Gradient Descent + Backtracking Line Search Implementation

import numpy as np

# Gradient descent.
def min_gd(fun, x0, grad, args=()):
    alpha = 0.3
    beta = 0.8

    delta_x = -grad(x0, *args)
    t = backtracking_line_search(fun, x0, grad, delta_x, alpha, beta, args)
    x_new = x0 + (t * delta_x)

    if np.linalg.norm(x_new) ** 2 > np.linalg.norm(x0) ** 2:
        return min_gd(fun, x_new, grad, args)
    else:
        return x_new
    
# Line search function returns optimal step size.
def backtracking_line_search(fun, x, grad, delta_x, alpha, beta, args=()):
    t = 1
    derprod = grad(x, *args) @ delta_x

    while fun((x + (t * delta_x)), *args) > fun(x, *args) + (alpha * t * derprod):
        t *= beta

    return t

Other given functions

import numpy as np
from scipy.optimize import minimize
import gd

# Least Squares function
def LeastSquares(x, A, b):
    return np.linalg.norm(A @ x - b) ** 2

# gradient  
def grad_LeastSquares(x, A, b):
    return 2 * ((A.T @ A) @ x - A.T @ b)

The error between the two results is basically calculated using the L2-norm.

Some ideas that I've came up with are that the tolerance checking point in my gradient descent function may be flawed. Right now I'm essentially checking simply whether the next step is larger than the previous. However, I'm also having trouble wrapping my head around how I might improve that.

Any feedback is appreciated.

Edit

In case anyone is curious on the final code that I wrote to make it work in the desired way:

def min_gd(fun, x0, grad, args=()):
    alpha = 0.3
    beta = 0.8

    delta_x = -grad(x0, *args)
    t = backtracking_line_search(fun, x0, grad, delta_x, alpha, beta, args)
    x_new = x0 + (t * delta_x)
    
    if np.linalg.norm(grad(x_new, *args)) < 0.01:
        return x_new
    else:
        return min_gd(fun, x_new, grad, args)
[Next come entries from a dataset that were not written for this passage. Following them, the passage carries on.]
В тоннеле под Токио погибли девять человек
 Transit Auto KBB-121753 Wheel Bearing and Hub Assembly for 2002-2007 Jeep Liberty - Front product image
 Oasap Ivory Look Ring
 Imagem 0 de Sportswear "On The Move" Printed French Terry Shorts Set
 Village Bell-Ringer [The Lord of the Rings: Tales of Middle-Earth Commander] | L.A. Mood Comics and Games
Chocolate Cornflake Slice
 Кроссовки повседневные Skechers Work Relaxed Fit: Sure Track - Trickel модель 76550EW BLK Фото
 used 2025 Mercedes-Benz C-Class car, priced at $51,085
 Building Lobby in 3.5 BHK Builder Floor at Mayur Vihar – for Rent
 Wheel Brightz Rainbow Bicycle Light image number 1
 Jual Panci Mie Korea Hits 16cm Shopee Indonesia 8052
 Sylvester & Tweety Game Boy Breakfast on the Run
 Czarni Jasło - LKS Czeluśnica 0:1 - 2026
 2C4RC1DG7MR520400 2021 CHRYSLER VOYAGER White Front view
I simply fixed the conditional statement so that I'm not just comparing norms, but also checking if the value is smaller than a predetermined tolerance level.

Hope this helps anyone in the future.


Solution

  • Your guess about the tolerance checking is right: the norm of the current vector is not related to convergence. A typical criterion would be a small gradient, so min_gd should look like

    def min_gd(fun, x0, grad, args=()):
        alpha = 0.3
        beta = 0.8
        eps = 0.001
    
        x_new = x0
        delta_x = -grad(x0, *args)
        while np.linalg.norm(delta_x) > eps:
            t = backtracking_line_search(fun, x_new, grad, delta_x, alpha, beta, args)
            x_new = x_new + (t * delta_x)
            delta_x = -grad(x_new, *args)
    
        return x_new
    

    where eps is some small positive tolerance.